Medicine, like Fashion, has its vogues, its conceits if you will. Admittedly less capricious, they are nonetheless as unpredictable. Think, say, of the menopause. Until relatively recently it was largely ignored. There were so many other health issues in a woman’s life, that if she was fortunate enough to survive to the menopause it was seen as propitious, not a condition that in and of itself required treatment. It was merely what happened when you got old, like failing memory or forgetfulness. Remember the riddle of the Sphinx that Oedipus solved: What has four legs in the morning, two at noon and three in the evening? The answer, of course, is Man -or in this case Woman. Menopause is merely the third stage -the evening stage- and as natural as the other two.
And then came Hormones. By replacing what was lost, it was hoped there wouldn’t be a stage three -or at least not for a while.
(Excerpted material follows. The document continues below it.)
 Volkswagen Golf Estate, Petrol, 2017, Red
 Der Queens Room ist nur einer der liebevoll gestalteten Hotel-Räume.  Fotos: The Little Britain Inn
True, Medicine was just responding to changing societal health and the revised expectations engendered by a longer life, but change it did. The hormone replacement therapy paradigm persisted until it became evident that the supposed benefits came with seemingly unanticipated risks. The hormones were not the hoped for panacea, helpful as they often were. So we’re currently in the interregnum, the uncomfortable time between one paradigm and the next.
Another topic in the shifting medical sands is attribution. Names. We keep renaming things, as if by doing so, we somehow expunge the past and wipe the slate clean. Take, for example, disease that is spread by sexual contact. Historically, of course it seemed appropriate to name it by its source. So the appearance of Syphilis in Naples after a fifteenth century French invasion naturally suggested the condition be termed the ‘French Disease’. Some offense was likely taken, so after a while, this and other ‘social diseases’ as they were also once called, were renamed venereal diseases -VD for short. And then, as people began to stigmatize that term, it was changed to Sexually Transmitted Disease -STD. Well, you guessed it: same result. So poof, it is now STI: sexually transmitted infection. Of course, some terms clearly needed to be changed: Mongolism to Down Syndrome, for example. Or ‘retarded’ to something more politely descriptive such as ‘mentally challenged’.
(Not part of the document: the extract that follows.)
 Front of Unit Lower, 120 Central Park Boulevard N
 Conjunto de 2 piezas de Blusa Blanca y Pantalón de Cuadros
Perhaps I am being too reductionist here, but you can see the changes: the wide to the narrow tie, the cuffed pants to… Well I’m sure you take my meaning. We are, as the curse has it, condemned to live in interesting times.
But as trivial as name changes might seem, and as revisionist as new attitudes to ageing could appear, there are some fundamental shifts occurring in Medicine that bespeak a new awareness of its role in patient care. There was a time when the doctor’s word was unquestioned -indeed unquestionable, given the hitherto arcane and unavailable sources of his knowledge. If you disagreed with the diagnosis you were free to leave and seek another opinion, but not to challenge. If mistakes were made, there was little hope of recourse or redress, little hope of discovering whether there had in fact been mistakes. Diseases take unexpected turns, surgical success is contingent: things are not always remediable.
This is still the case, obviously, but doctors are becoming more open about explanations and patients about asking for them. It is still a work in progress to be sure, but there is reason for hope. There was a time when pride of place ruled even more than today, when to explain an outcome -to have to explain it- was akin to a subliminal admission of guilt. This is perhaps too severe a judgement, and yet there is a thread to the argument that seems to hold even today. But the hope lies in apology: the acknowledgement of fault, however tenuous and however unintended. It’s an affirmation, of sorts, for both parties; it’s a recognition that we share a common trait: none of us is perfect. We know that of ourselves; why should we not expect it and accept in others when they admit it? Especially if they admit it.
“I’m sorry.” It may not solve the issue, but there’s a sort of resolution embedded within it. It may seem a faint hope that this will become the norm -naive perhaps- and yet I see it coming. It’s how one caring individual deals with another. An apology is a first step and a big one. Alexander Pope assessed it the best, I think: ‘To err is human, to forgive divine’. I’d like to think that both the profferance of an apology and its acceptance is a characteristic of humanity as well. It is also a first move in the slow dance to understanding what it means to offer care, or to accept it from another.